Como ejemplo máximo de esa ocupación de espacios, esta corriente reconoce los movimientos estudiantiles, obreros y populares de 1968, los que no duda en llamar “la revolución mundial de 1968”.

Sin embargo, para Wallerstein, esta fase terminal no necesariamente conduce a la revolución, sino hacia una suerte de “normalización” y predominio de un capitalismo reformado y reforzado a través de una “transformación controlada” (como la transición del feudalismo al capitalismo); o bien, considerándola como la expectativa con más altas probabilidades, caminamos hacia la desintegración del orbe capitalista y el advenimiento de un largo periodo de descomposición o catástrofe social (como la decadencia del mundo antiguo).[9]

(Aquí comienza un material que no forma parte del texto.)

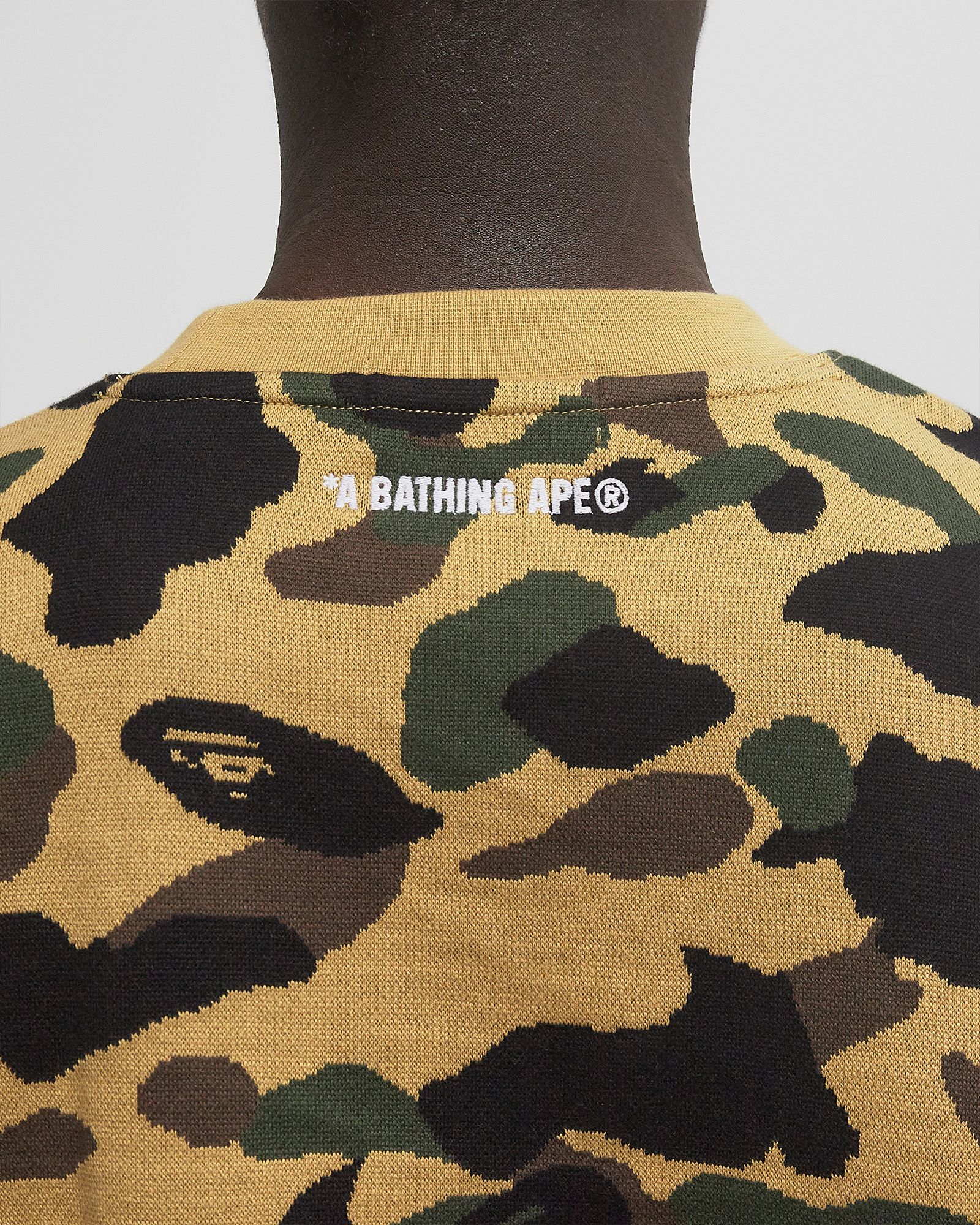 1ST CAMO JACQUARD COLLEGE RELAX FIT CREWNECK SWEATSHIRT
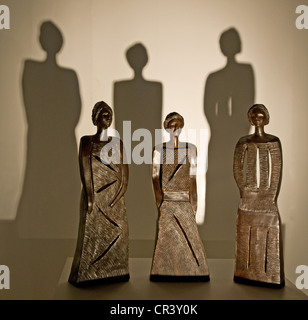 Gebranntem Ton bemalte Figuren der drei fromme Frauen, die Christi Grab geöffnet vom französischen Künstler Christiane Boone in der Kathedrale von Troyes Stockfoto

Formalmente sólo hay dos posibilidades. Una es que el sistema-mundo siga funcionando más o menos como lo ha venido haciendo durante cinco siglos, a lo largo de su vida, como economía-mundo capitalista […] el sistema-mundo podría ser distinto de muchas formas, pero en esencia seguiría siendo un sistema-mundo capitalista […] La segunda posibilidad es que los nuevos fenómenos que comenzaron a advertirse en los años setenta […] resulten tan importantes y vastos que ya no parezca razonable esperar que el sistema siga siendo más o menos igual, con apenas algunos reajustes: en este caso, más bien cabría prever la germinación de una crisis o bifurcación del sistema, que podría manifestarse como un periodo de caos del sistema, cuyo resultado sería incierto.[10]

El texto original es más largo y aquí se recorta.